Good for: Freemium SaaS where LLM cost scales with user tier.

Pattern 3: Per-feature budgets

feature_budgets = {
    "customer_support": 50000,    # $500/month
    "analytics_dashboard": 20000,  # $200/month
    "internal_research": None,     # unlimited
}

feature = request.get("feature")
budget = feature_budgets.get(feature)

enforcer = BudgetEnforcer(f"feature_{feature}", budget, gpt4o_pricing) if budget else None
agent = create_react_agent(model, tools, callbacks=[enforcer] if enforcer else [])

Good for: Platforms where different features have different cost constraints.

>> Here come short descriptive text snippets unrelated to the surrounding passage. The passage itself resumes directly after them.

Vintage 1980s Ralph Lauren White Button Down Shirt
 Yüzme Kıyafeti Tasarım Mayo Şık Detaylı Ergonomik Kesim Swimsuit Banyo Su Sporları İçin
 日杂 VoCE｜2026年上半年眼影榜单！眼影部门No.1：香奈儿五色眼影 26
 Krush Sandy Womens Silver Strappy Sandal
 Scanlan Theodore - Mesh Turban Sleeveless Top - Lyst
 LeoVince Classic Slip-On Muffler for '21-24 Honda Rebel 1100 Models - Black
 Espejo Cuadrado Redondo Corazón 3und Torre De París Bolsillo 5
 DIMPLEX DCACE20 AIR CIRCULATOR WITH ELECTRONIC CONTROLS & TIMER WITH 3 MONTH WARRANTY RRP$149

Where noburn fits in this architecture

noburn takes the enforcement pattern and simplifies it. Instead of subclassing BaseCallbackHandler yourself, wrap your LangChain client at initialization:

from noburn import with_noburn_budget
from langchain.chat_models import ChatOpenAI

model = with_noburn_budget(
    ChatOpenAI(model="gpt-4o"),
    user_id="user_123",
    monthly_budget_cents=50000,  # $500/month
    project_id="project_456",
    project_budget_cents=500000   # $5000/month for the entire project
)

agent = create_react_agent(model, tools)
result = agent.invoke({"input": user_query})

noburn handles:

Accurate token estimation — uses the same tokenizers as the model providers, not approximations
Model-aware pricing — knows current rates for GPT-4o, Claude, Gemini, Llama, and others (updated automatically)
Retry amplification — detects and accounts for retries that would double or triple cost
Per-user and per-project metering — enforce multiple budgets simultaneously
Billing integration — Stripe passthrough lets you bill users for their LLM usage directly, without a separate billing layer

The free tier covers 50,000 requests per month. For higher volume, per-request pricing starts at $0.001. Documentation and SDKs are at noburn.dev/docs.

Key takeaways

LangChain abstracts cost as much as it abstracts API calls. You cannot assume uniform costs.
Observability measures; enforcement prevents. You need both. Observability alone tells you after you overspend.
Budget at percentiles, not averages. The 99th percentile call is what breaks your unit economics, not the mean.
Multi-level budgets are essential in production. Per-user, per-project, and per-feature limits all matter.
Enforcement must happen before the API call fires. Post-call detection is too late.